First time buying an IoT device I take it?

[–] [email protected] 55 points 11 months ago (1 children)

If it’s proprietary, it’ll be enshittified as soon as shareholder value demands.

[–] [email protected] 20 points 11 months ago* (last edited 11 months ago) (5 children)

Can we stop the overuse and over-generalization of "enshitification" which Doctorow had given very explicit meaning to in regards to social networks? It does not simply mean commoditization which is not quite the same but almost synonymous with 'race to the bottom's in regards of trying to increase revenue while simultaneously decreasing costs.

Edit: I'll admit narrowing to "social networks" is a bit too narrow, but the point still stands that it's for two way platforms where there are "two markets." Phillips Hue does not have a two sided market.

[–] [email protected] 44 points 11 months ago

The enshitification of enshitification

[–] [email protected] 9 points 11 months ago

to add to this for people that are unsure, https://en.wikipedia.org/wiki/Enshittification

[–] [email protected] 9 points 11 months ago (7 children)

There is still value in calling out the exploitation. It might not be as shitty as leveraging different customer pools, but it absolutely is the same exact business mindset that creates enshittification.

I don't think it's wrong to at least associate the two things even if "enshittification" remains more about gearing systems to exploit customers vs basic direct exploitation of customers.

[–] [email protected] 2 points 11 months ago (1 children)

But their entirely different processes. One is exploiting one market vs the other. Here it wouldn't necessarily be exploiting a market, but destroying value of a free service. If you're worried about personal info being the exploitation, it's going to be very limited and likely already in place. An account structure is usually more the first move toward monetizing the service directly and enabling the ability between free and premium services. That's still shitty, but for entirely different reasons. So I just don't like seeing the original word lose all meaning whatsoever beyond its root word. It basically guts it of all of its nuance and importance and just turns it into a noun form of taking something and making it shitty. We don't need to do that.

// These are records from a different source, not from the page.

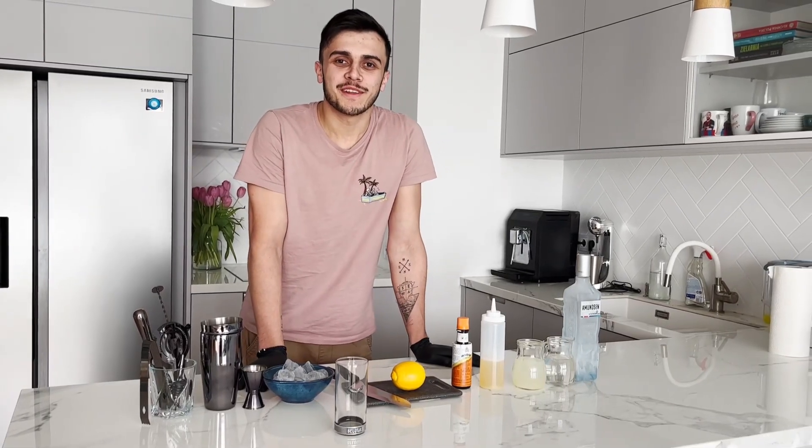Hi guys! Welcome to another episode of the series of Bartending. Today we'll be making vodka sour.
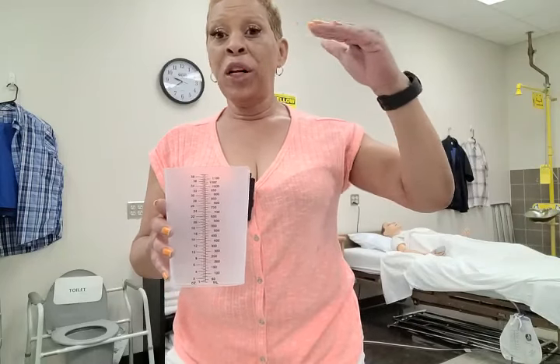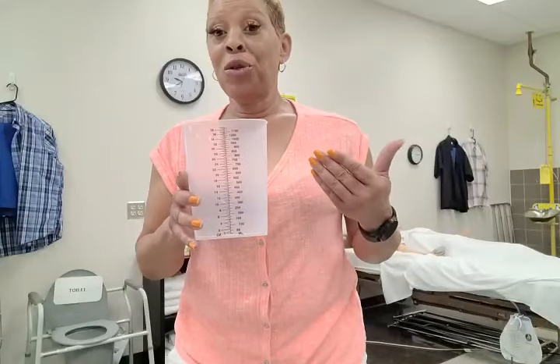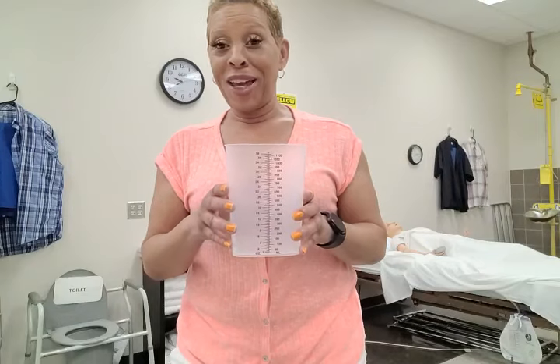When you measure, if the urine is — let's say it's in between 100 and 125 and it's like in the middle — you want to round up, so you would record 125 milliliters. Or let's say your measurement was between 150 and 175: again, you round up and you would record 175 milliliters.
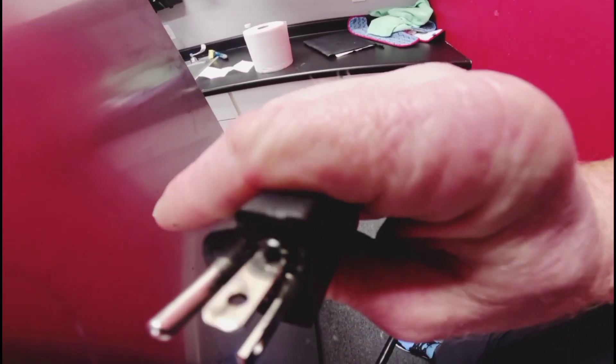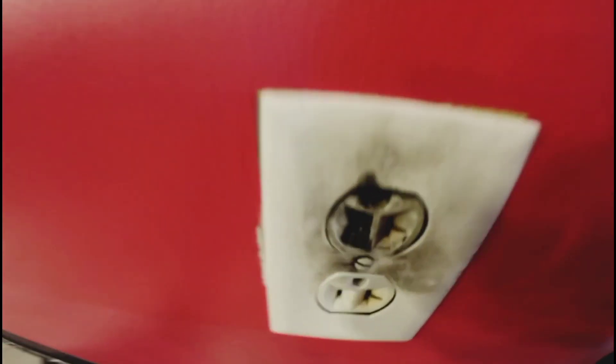First thing you notice is that cord melted, so you know they screwed some shit up. We're at a children's play park — and what the hell is this?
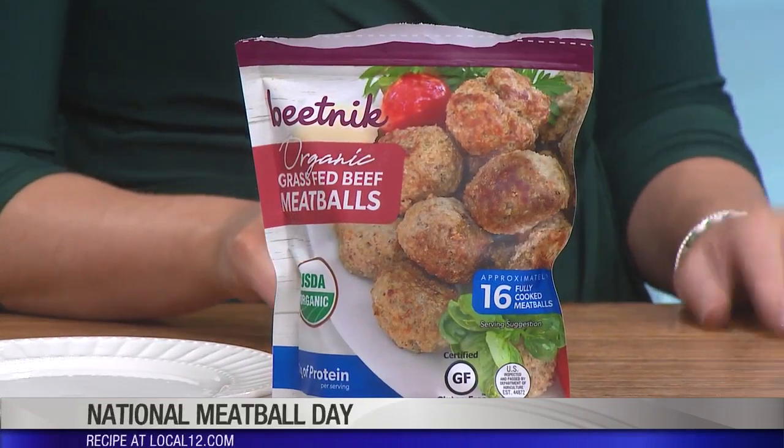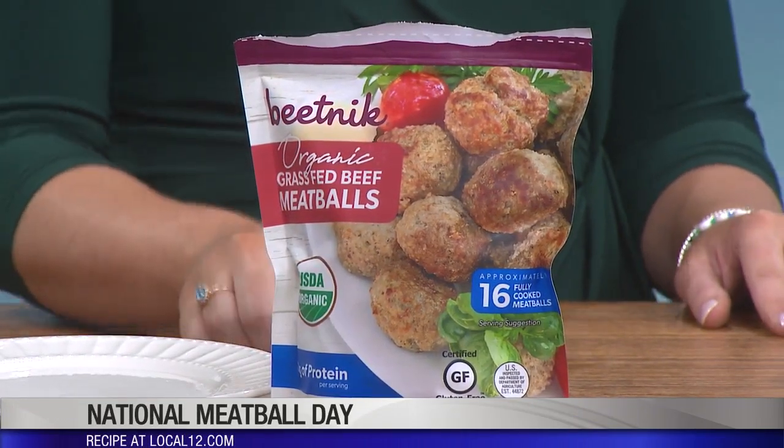Today I'm going to be making a sugar-free barbecue meatball, using this brand called Beatnik. What makes Beatnik so great and why I like it is that it's something I feel comfortable giving my family, because it's organic, it's grain-fed meat, really simple ingredients, super easy, and it's gluten-free. So if you're eating gluten-free or you have kiddos with gluten allergies, it's a really great find. You can find it at Kroger.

[–] [email protected] 5 points 11 months ago* (last edited 11 months ago) (1 children)

I don't think they're entirely different. Enshittification is just a specific type. Yes, of course it has distinguishing qualities or we'd be having a totally different convo.

IMO, it's more important to realize enshittification is not a new development! It's just way, WAY more obvious now that the ruling class has allowed effective monopolies to rise again. When only one or two companies control an entire market, their shitty tactics become way, way more obvious and painful for consumers.

[–] [email protected] 2 points 11 months ago

The general driving force is different though. It's a process that involves devaluing a service by basically commoditizing two forces against each other. Simply dropping value-added features to save money is just the race to the bottom.

Dropping a feature is the equivalent of charging for extra BBQ sauce packets. It's not the same driving force like Instagram where they play two forces against each other. Like the way Google has been going with shoving way too many ads in there. That is a different motivation because it's valuing one customer at the expense of another. Something like dropping free service XYZ is just cutting costs.

The word is getting overplayed and it feels like everyone has the same word-a-day calendar and are now trying to use it as much as possible.

It's more impactful and retains meaning if we keep it succinct instead of just the equivalent of "an unpopular decision that saves money to increase shareholder value". It's all about recognizing you are a product as well as a user. It's that the services don't have an incentive to serve you. Its just so much more meaningful as long as we don't remove all of that meaning to just show we don't like corporatism.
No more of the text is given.